Stephen Breyer has spent more than two decades on the Supreme Court. The most senior member of the Court's liberal wing, Breyer’s background includes a mixture of academic, political, and judicial experiences. After graduating from Harvard Law School, Breyer got his first taste of the Supreme Court by clerking for Justice Arthur Goldberg in 1964. He continued his legal career as Special Assistant to the Assistant U.S. Attorney General for Antitrust, teaching law at Harvard, and serving as Assistant Special Prosecutor of the Watergate Special Prosecution Force in 1973. Seven years later, President Carter made him a federal judge, a position he held for the next fourteen years. Then, in 1994, President Clinton appointed Breyer to his current position. Breyer, who was elected to the American Philosophical Society in 2004, was also named chair of the Pritzker Architecture Prize jury, succeeding previous chair Glenn Murcutt in 2018. On January 27, 2022, Breyer and President Biden announced Breyer's intention to retire from the Supreme Court.

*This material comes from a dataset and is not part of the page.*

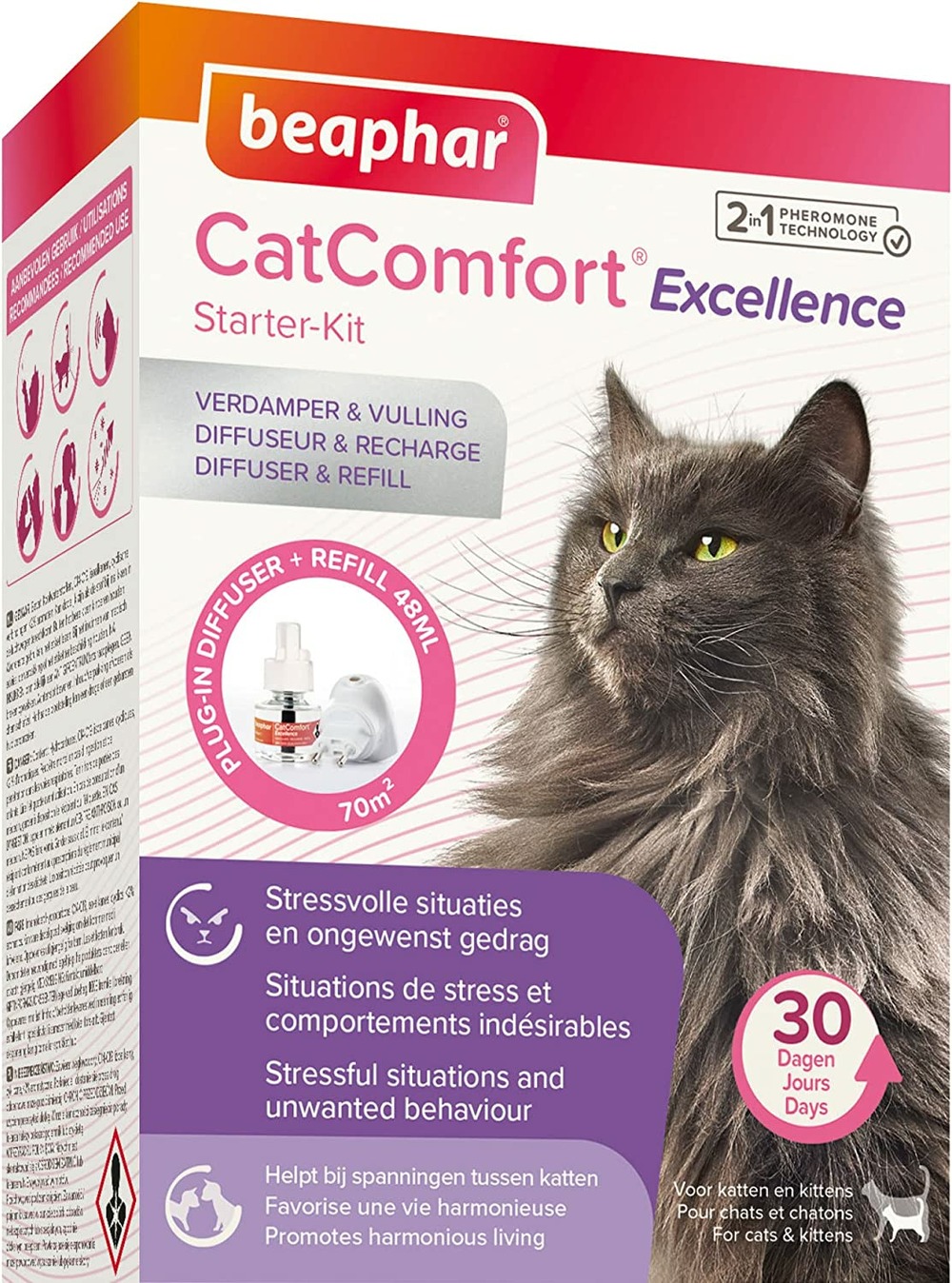 Diffuseur électrique anti stress chat catcomfort excellence 48 ml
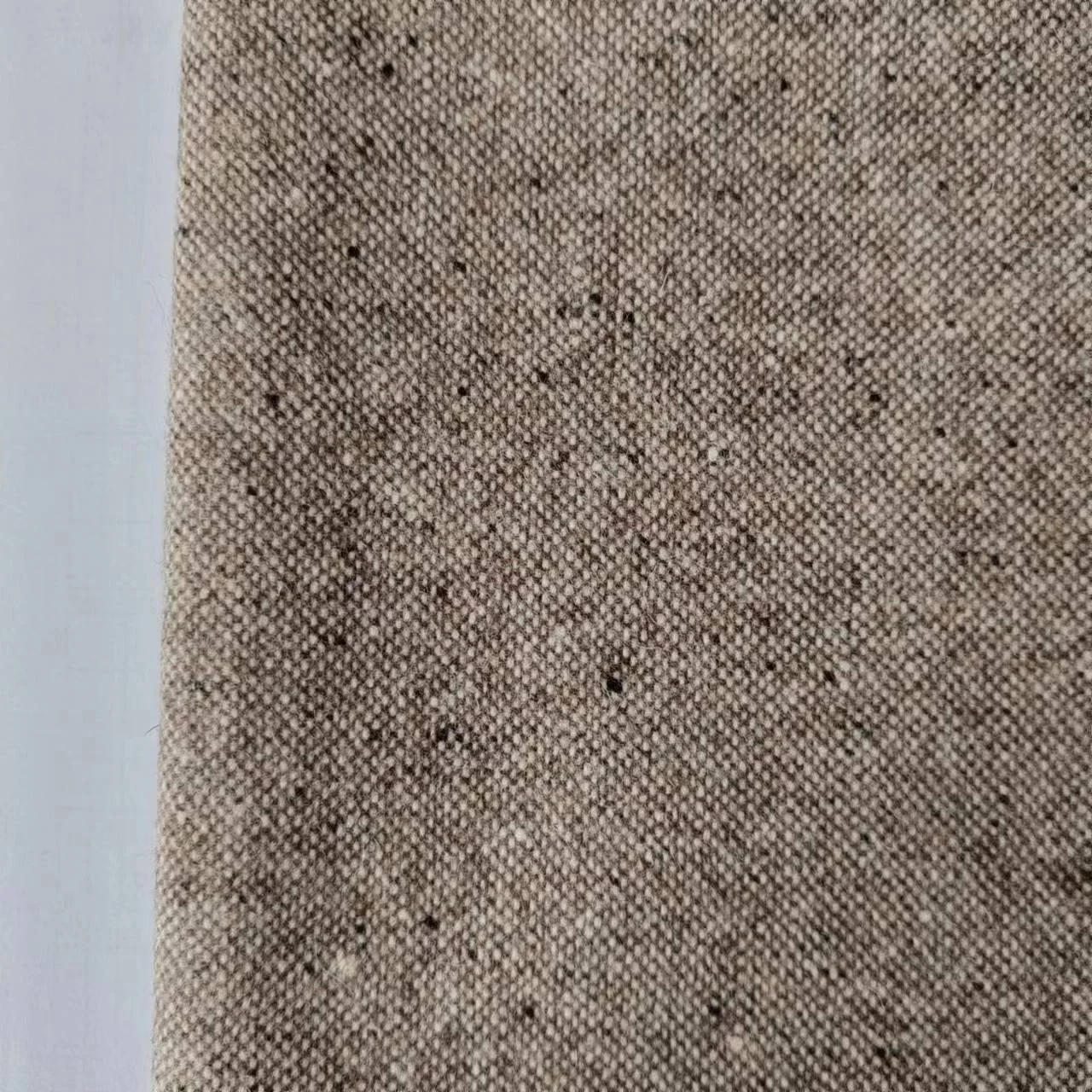 420-600g/m new blend flange retro 100% wool fabric suit jacket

Named “Most Likely to Succeed” in his high school yearbook, Breyer enrolled at Stanford University in 1955. He longed to go to Harvard, but his parents were concerned he was too book­ish and therefore made him go to Stanford, where they believed he would be less isolated. Eventually, Breyer found his social footing. He fell in with a group of students who shared his passion for philosophy and international relations. They would stay up late debating the theories of Ludwig Wittgenstein and Willard Quine, or playing bridge at El Tigre eating club. On top of that, Breyer became active in the Model United Nations and would take foreign students on tours of San Francisco in his red ‘57 Chevy. Showing his first interest in politics, he even ran unsuccessfully for student office on a platform of putting more bicycle racks on campus. In 1959, he earned his bachelor of arts in philosophy, graduating with highest honors and a member of Phi Beta Kappa.

As one of the country's top legal minds, it is no surprise that Breyer was selected to deliver the commencement address at his alma mater, which he did in 1997. The event had added importance to Breyer, whose son, Michael, was also graduating from Stanford that year. Luckily, the audience of graduates got a taste of Breyer’s humor during his address, when he said, “You will be advised to ask many questions. In your careers, the science graduate will ask, ‘Why does that work?’; the engineering graduate, ‘How does it work?’; the economics graduate, ‘What does it cost?’; and the liberal arts graduate, ‘Do you want french fries with that hamburger?’” But Breyer also mixed in some gravitas, assuring the Class of '97 that their contributions will certainly affect the Stanford community. “And your lives will tell stories that have not just a private, personal part," he said, "but a public, a community part as well."